### Topological M-Theory

Topological String Theory is a rich and beautiful subject. It associates a Calabi-Yau 3-fold, $X$ with a set of invariants which have both significance in enumerative algebraic geometry and which play a physical role in the $N=2$ supergravity theory obtained by compactifying *physical* type-II strings on $X$.

Recently, a lot of interest has surrounded the possibility of *topological M-Theory*, a theory which might compute similar interesting invariants for a 7-manifold, $Y$, of $G_2$-holonomy. There’s a paper by Dijkgraaf *et al* on Hitchin’s theory. More recently, Nikita Nekrasov has written up his talk at Strings 2004.

Both papers are very intriguing, but neither contains what the authors (or the reader) might happily call a satisfactory formulation of “topological M-Theory.”

Since it’s the Holidays, I’m going to go out on a limb and — Scrooge-like — suggest that, perhaps, there’s a reason for this.

In a nutshell, the reason “why” there’s topological string theory is that there is a rich set of “nonrenormalization theorems” protecting various couplings in the $N=2$ supergravity theory. This protected subsector of the *physical* theory is what is computed by the *topological* theory.

On the other hand, the *generic* $N=1$ supergravity theory, which would result from compactifying the *physical* M-theory on a $G_2$-manifold, $Y$, doesn’t have (as far as we know) a set of protected coupling which might plausibly be computed by *topological* M-Theory on $Y$.

There are very special $N=1$ theories which do have such protected couplings. But these, typically, are related to some $N=2$ theories, and the protected subsector is computed by the corresponding topological string theory.

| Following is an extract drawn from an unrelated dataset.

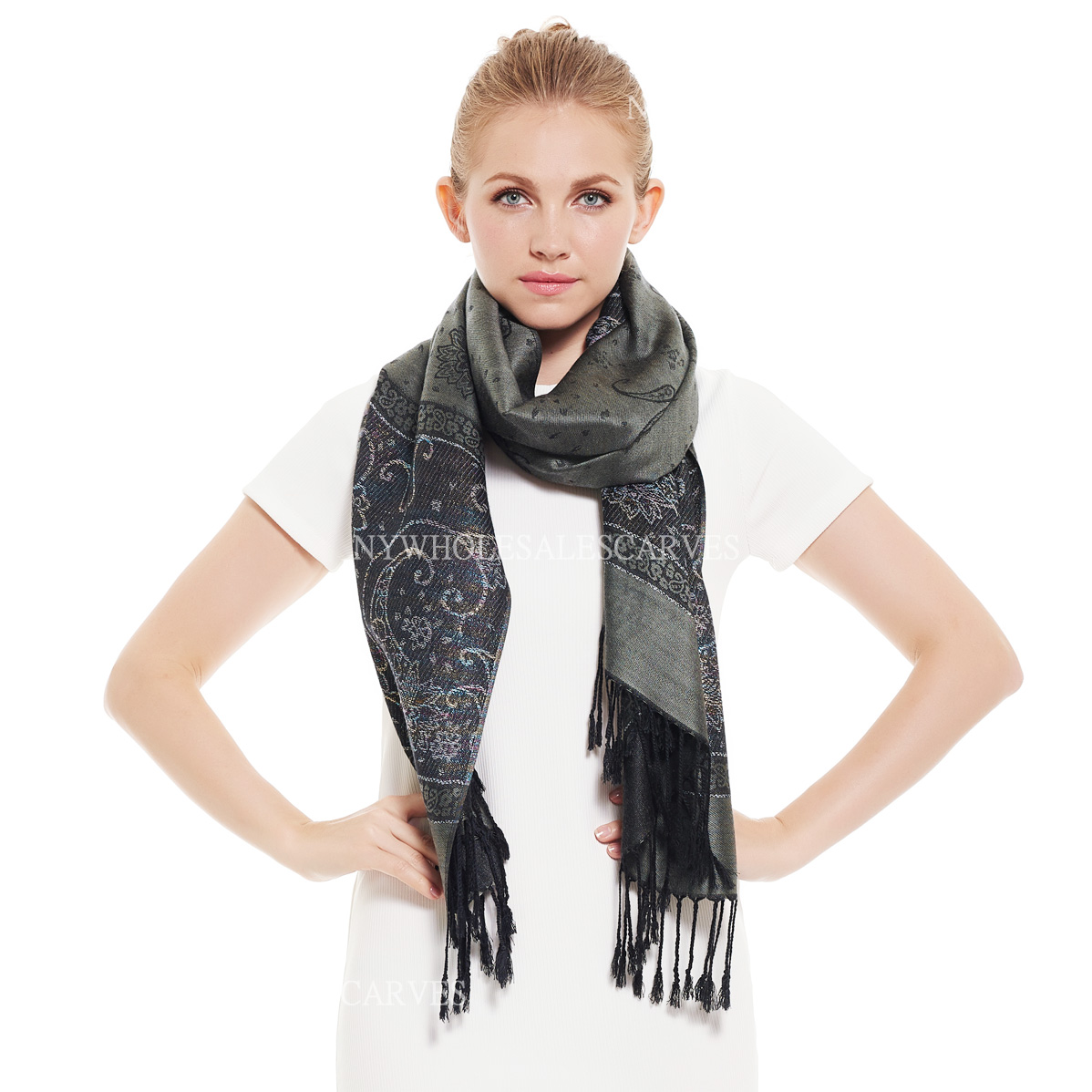 Lurex Paisley Pashmina 6316 Grey [6316] - $4.25 : Wholesale scarves ...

One of the “axioms” of topological M-Theory is that, on $Y=X\times S^1$, it should reduce to topological String Theory on $X$. The *question* is whether there’s anything new that might be found on manifolds, $Y$, of irreducible $G_2$ holonomy?

Even if the answer turns out to be “no,” it does not *necessarily follow* that the whole exercise is pointless. If nothing else, a 7-dimensional formulation might furnish a proof (or even a satisfactory statement) of the conjectured S-duality of the Topological A- and B-models on $X$.

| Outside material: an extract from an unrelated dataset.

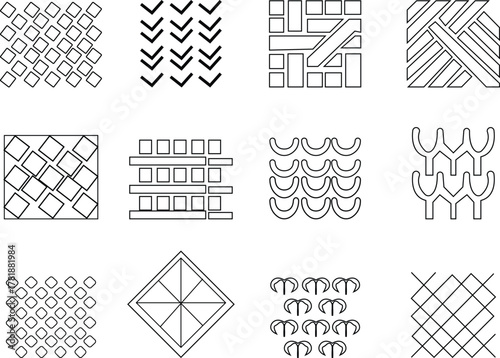 Thread textile icon set , sewing, fabric, yarn, needle, spool, embroidery, knitting, and tailoring symbols representing clothing, handmade crafts, and fashion industry design elements, pictograms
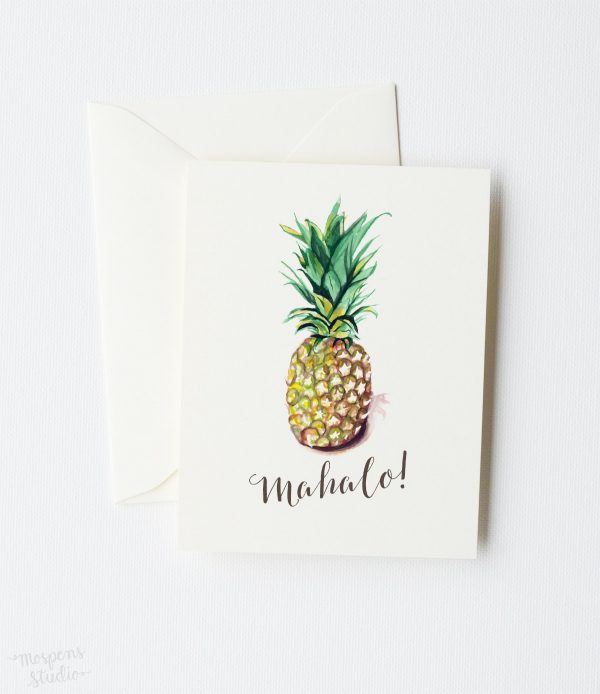 Hawaiian Pineapple Thank You Cards Mospens Studio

I’m still rather optimistic about the subject. But I do have this nagging fear that the difficulties making sense of the proposals on the table are not just a case of me being dense, but are indicative of something fundamental.

Posted by distler at December 31, 2004 1:12 AM
## Re: Topological M-Theory

Hi Jaques,

you write

“There are very special $N=1$ theories which do have such protected couplings. But these, typically, are related to some $N=2$ theories, and the protected subsector is computed by the corresponding topological string theory.”

What’s wrong with superpotentials and gauge couplings (plus other holomophic objects) in

genericN=1 theories ? Those can be computed eg with topological open strings, and those are in general not related to deformations of N=2 theories.